If the current regulation is revised to facilitate private funds to be sold directly via prime brokers, the private fund ecosystem is expected to evolve as follows. Start-up private fund managers could use their own equity capital, or raise money from sources close to themselves, and via prime brokers’ capital introduction for establishing an incubation fund, via which to accumulate track records. Private funds with proven industry history and track records then could solicit retail investors via institutional investors as well as wealth management channels of large-scale financial firms. Such a market structure helps the private fund market to advance further and regain confidence as start-up private funds test their innovative investment strategies via prime brokers while retail investors enjoy better access to private funds with proven performance. 1) To be considered a professional investor, an investor should meet at least two conditions of the followings: Over 10 transactions on quarterly average for the past four consecutive quarters; over 500,000 euro of financial assets (savings included); or over one-year work experience in the financial industry.
2) Because Korea’s current private fund sales data do not divide retail investors into subcategory, it is hard to confirm whether they are qualified or professional investors.
3) However, it appears unnecessary to subject institutional investors to the investment recommendations regulation applied to retail investors because institutional investors are capable of due diligence based on their own resources and expertise in monitoring whether an asset management company complies with its fiduciary duty or not.

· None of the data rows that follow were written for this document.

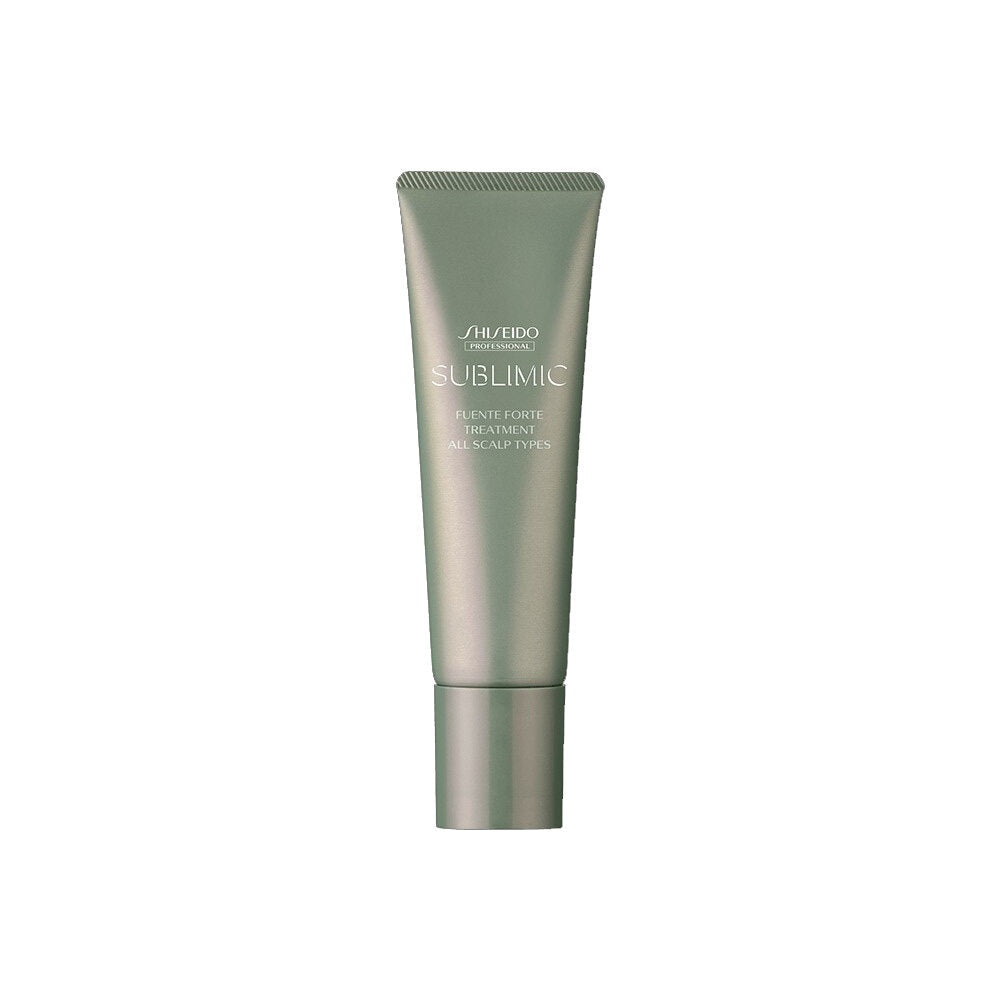 ［In stock］ Shiseido Sublimic Fuente Forte Treatment Tube/Bottle/Refill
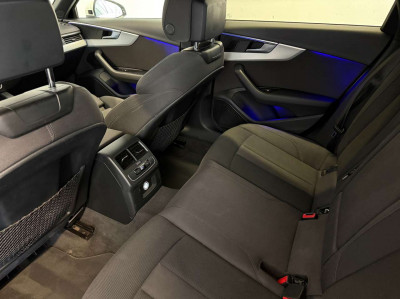 Audi A4 Gebrauchtwagen Audi A4 Gebrauchtwagen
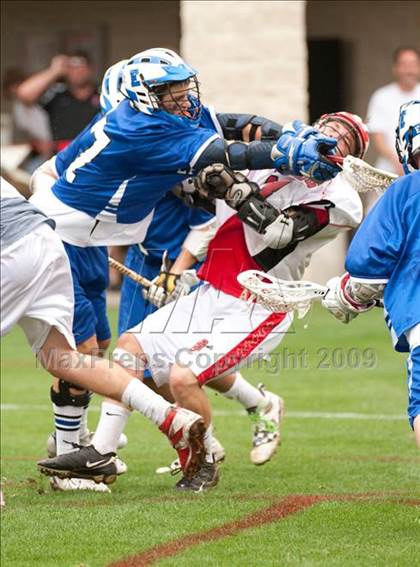 Thumbnail 1 in Episcopal @ St. John's (City Semifinals) photogallery.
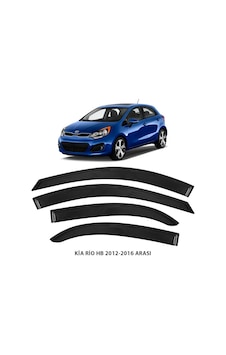 Cam Rüzgarlığı Kia Rio 2012-2015 Hb 4lü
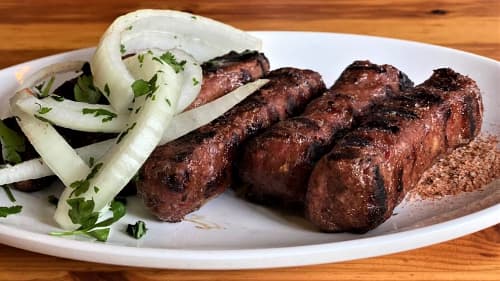 Kërnacka - Menu Item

4) Still based on the existing framework of the FSCMA that applies the investment recommendations regulation differently to retail ordinary/qualified/professional investors, the recently released revision exempts distributors from the duty of appropriateness, suitability, and explanation for professional investors. Instead, distributors are obligated to notify the investor the fact that the investor could request to be treated as an ordinary investor, and to audio record the investor stating he or she fully understands the fact (Financial Services Commission, November 20, 2019, New Investor Protection Measures and New Standards for Professional Retail Investors, Press Release). With regard to the duty to provide explanation, the regulation was tightened to include more details on the prospectus for qualified retail investors (Financial Services Commission, April 27, 2020, FSC Finalizes Measures to Improve Regulatory Framework on Private Equity Funds, Press Release).